Rather than escalate matters, Putin may be hoping to steady his ship and project stability after what amounts to the biggest challenge to his rule since he rose to power.
In that case, the oil market is right to focus more on the health of the economy and the impact from the Federal Reserve’s interest rate hikes.
But Croft, the RBC strategist, said she is concerned the market is underappreciating the risks around Russia.
One concern voiced by Croft is that Putin turns to “more deadly tactics” in Ukraine. The former CIA analyst notes that Prigozhin was highly critical of Moscow’s decision not to use tactical nuclear weapons in Ukraine.
“The war has become background noise to investors. They don’t think about nuclear weapons. It’s outside their frame of reference,” Croft said.
The Libya experience
Of course, if Putin turned to nuclear weapons, there would be much more pressing concerns than the price of gasoline.
Another worry, one that Croft said was voiced over the weekend by US officials, is that Putin would declare martial law. Such a dramatic move could paralyze Russian ports, shutting off supply of not just oil but other key exports like wheat, too.
In 2011, the Obama administration was caught off guard by deep unrest in another oil producer: Libya.

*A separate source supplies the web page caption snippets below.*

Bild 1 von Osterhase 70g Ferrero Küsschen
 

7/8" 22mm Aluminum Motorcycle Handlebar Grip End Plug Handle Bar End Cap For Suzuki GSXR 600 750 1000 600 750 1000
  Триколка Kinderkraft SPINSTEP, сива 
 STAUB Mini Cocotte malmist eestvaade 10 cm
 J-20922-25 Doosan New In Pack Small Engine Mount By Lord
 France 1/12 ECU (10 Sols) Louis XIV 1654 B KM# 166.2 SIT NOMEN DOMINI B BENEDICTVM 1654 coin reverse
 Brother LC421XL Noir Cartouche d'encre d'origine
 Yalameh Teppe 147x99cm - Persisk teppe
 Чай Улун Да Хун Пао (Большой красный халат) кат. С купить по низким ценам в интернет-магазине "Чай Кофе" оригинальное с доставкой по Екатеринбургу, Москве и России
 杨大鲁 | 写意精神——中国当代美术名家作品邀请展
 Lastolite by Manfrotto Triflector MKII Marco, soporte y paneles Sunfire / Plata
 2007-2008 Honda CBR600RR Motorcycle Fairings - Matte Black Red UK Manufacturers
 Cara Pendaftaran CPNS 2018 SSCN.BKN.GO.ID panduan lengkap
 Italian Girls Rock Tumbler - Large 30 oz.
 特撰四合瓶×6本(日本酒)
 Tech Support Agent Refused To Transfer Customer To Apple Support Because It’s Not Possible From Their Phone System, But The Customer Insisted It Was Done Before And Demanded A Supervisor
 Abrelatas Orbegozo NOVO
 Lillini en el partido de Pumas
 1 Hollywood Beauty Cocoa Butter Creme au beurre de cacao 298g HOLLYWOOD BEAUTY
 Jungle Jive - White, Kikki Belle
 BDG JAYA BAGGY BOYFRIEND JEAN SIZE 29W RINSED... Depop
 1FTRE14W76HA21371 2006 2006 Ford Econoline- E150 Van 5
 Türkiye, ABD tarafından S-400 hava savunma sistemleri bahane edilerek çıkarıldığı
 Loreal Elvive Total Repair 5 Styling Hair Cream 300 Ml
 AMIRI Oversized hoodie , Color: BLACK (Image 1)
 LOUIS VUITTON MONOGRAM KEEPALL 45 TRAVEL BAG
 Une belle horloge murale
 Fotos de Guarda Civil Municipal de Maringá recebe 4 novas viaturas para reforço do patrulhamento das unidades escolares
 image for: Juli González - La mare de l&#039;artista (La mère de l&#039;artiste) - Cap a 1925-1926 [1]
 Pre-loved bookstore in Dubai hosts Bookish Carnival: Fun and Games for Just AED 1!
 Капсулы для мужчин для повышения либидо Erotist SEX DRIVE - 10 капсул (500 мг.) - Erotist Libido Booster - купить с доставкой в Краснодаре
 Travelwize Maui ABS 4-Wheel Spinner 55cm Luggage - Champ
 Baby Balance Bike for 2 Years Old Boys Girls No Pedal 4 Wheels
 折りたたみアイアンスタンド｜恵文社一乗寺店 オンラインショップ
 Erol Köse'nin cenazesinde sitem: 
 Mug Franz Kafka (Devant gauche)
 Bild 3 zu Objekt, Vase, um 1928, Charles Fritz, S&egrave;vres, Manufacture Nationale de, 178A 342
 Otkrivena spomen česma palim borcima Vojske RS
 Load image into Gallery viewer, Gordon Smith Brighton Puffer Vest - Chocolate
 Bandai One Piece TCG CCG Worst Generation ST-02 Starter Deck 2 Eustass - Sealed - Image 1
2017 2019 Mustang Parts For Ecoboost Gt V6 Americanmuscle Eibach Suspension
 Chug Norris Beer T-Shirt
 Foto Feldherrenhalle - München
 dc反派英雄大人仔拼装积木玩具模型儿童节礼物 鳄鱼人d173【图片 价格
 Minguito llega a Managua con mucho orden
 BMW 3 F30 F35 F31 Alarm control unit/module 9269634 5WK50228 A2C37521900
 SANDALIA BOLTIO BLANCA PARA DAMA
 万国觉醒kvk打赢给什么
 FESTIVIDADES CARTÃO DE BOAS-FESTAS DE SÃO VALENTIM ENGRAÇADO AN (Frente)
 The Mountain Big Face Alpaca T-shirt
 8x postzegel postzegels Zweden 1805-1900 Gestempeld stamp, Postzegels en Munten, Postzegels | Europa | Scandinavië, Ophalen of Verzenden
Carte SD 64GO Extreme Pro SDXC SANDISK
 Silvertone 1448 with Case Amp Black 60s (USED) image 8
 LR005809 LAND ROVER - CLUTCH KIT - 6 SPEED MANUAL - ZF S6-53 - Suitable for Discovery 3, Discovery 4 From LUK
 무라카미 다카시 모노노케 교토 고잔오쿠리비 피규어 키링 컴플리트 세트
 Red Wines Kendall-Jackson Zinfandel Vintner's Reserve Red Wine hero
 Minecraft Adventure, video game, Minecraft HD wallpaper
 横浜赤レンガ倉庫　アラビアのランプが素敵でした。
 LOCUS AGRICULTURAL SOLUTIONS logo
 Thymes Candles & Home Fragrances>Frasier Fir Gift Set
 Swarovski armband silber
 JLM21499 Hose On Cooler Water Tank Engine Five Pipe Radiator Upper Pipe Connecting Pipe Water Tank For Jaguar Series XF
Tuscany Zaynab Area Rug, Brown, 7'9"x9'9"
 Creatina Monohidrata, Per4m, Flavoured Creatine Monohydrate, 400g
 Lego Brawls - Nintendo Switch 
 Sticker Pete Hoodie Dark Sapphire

That country’s civil war shut down oil export terminals — and even though Libya’s output is much smaller than that of Russia, oil prices shot higher.
Eventually, US officials decided to tap emergency oil supplies, releasing barrels from the Strategic Petroleum Reserve in an effort to ease the disruption and knock oil prices back down that summer.
For now, the oil market is betting there won’t be a repeat of the Libya unrest in Russia.
“Just because the market has shrugged this off, doesn’t mean the risk of a bad scenario has gone away,” Croft said. “Until the risk becomes reality, the market won’t react.”